« Le plat principal de la vache, c'est l'herbe ». La révolution industrielle agricole des Trente Glorieuses a longtemps fait fi de ce précepte élémentaire. Pour autant, malgré le désir de participer au progrès technique, les exploitants agricoles du centre Bretagne n'ont pas systématiquement embrassé les innovations scientifiques officielles sans les investir de leur esprit critique et de leur savoir-faire.
Le premier temps de l'exposé abordera l'historique d'un mouvement de jeunes agriculteurs qui, en 1953, a pris l'initiative de créer un Centre d'études techniques agricoles (Ceta) afin de mutualiser leurs recherches sur leurs exploitations. Ils visent « l'innovation par en bas », adaptée à des systèmes de production de taille modeste. Très vite, les résultats de leurs exploitations agricoles fondées sur la prairie temporaire de trèfle blanc / ray-grass marquent des avancées sur le plan des rendements agronomiques, de l'économie d'intrants et de l'autonomie des systèmes.
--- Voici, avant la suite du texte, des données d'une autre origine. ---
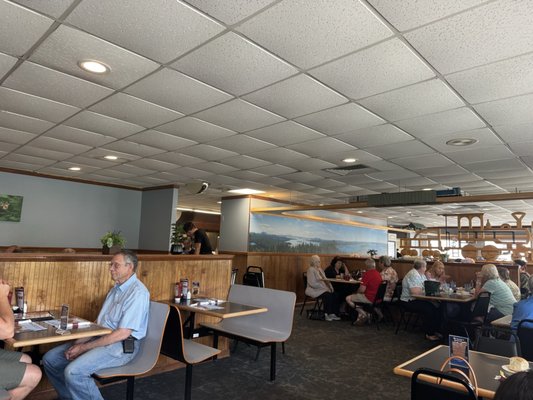 Governor's Restaurant & Bakery by null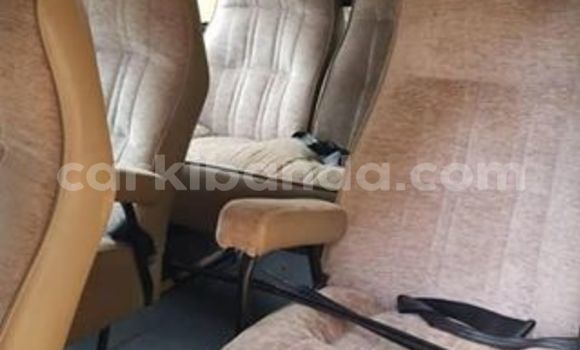 Gura Yakoze Toyota Hiace Silver Imodoka i Kampala mu Uganda Gura Yakoze Toyota Hiace Silver Imodoka i Kampala mu Uganda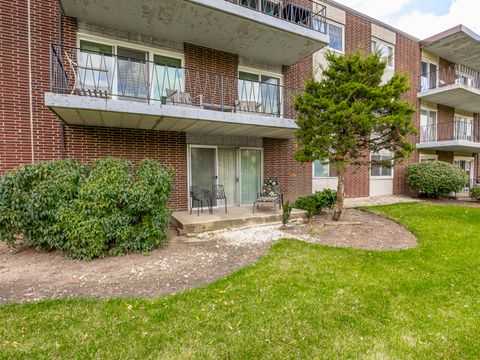 Tiny photo for 5540 Walnut Avenue #33A, Downers Grove, IL 60515 (MLS # 12506863)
Stimulé par la personnalité charismatique d'André Pochon, le collectif a dû batailler avant que la « méthode Pochon » soit officiellement considérée par la profession et les institutions agricoles. Dès les années 1950, les agriculteurs échangent et se confrontent au monde de la recherche instituée, l'Inra. Dans les années 1980, la prise de conscience des problèmes environnementaux amènera ce groupe innovant à proposer un modèle d'agriculture durable, autour du Cedapa[1]. De la collaboration avec l'Inra naîtra un programme de recherche conjoint sur les pratiques favorables à la qualité de l'eau. L'histoire de ce laboratoire à ciel ouvert de praticiens est donc celui de l'histoire de ses rapports avec la science officielle.
Le second volet s'appuiera sur une démarche anthropologique actuelle menée auprès d'agriculteurs d'un secteur proche géographiquement, permettant de saisir les ressorts de cet engouement pour « l'herbe » à cette même période. Au cœur du contexte dynamique de l'immédiat après-guerre, on interrogera notamment l'élan porté par des prisonniers de guerre de retour de grands domaines agricoles allemands. Des entretiens d'interlocuteurs, à la pointe du changement, révèlent ainsi les fondements des idées et valeurs mobilisées, à l'origine des mutations nécessaires pour adopter les grandes lignes du modèle herbager, fondé dans les années 1950.
Dans cette histoire des idées et de l'appropriation des savoirs par des humbles acteurs de l'agronomie moderne, il convient de souligner combien l'enjeu du progrès technique et social, associé à la volonté de dépasser l'ancien modèle paysan est corrélé à un changement de régime ontologique, de l'analogisme au naturalisme, selon la classification de P. Descola[2].
Enfin, sur le plan heuristique, on examinera les sources mobilisées, leurs limites et leurs éclairages mutuels (sources écrites - les ouvrages d'A.Pochon[3] ; sources orales - entretien avec A.Pochon et enquêtes de terrain).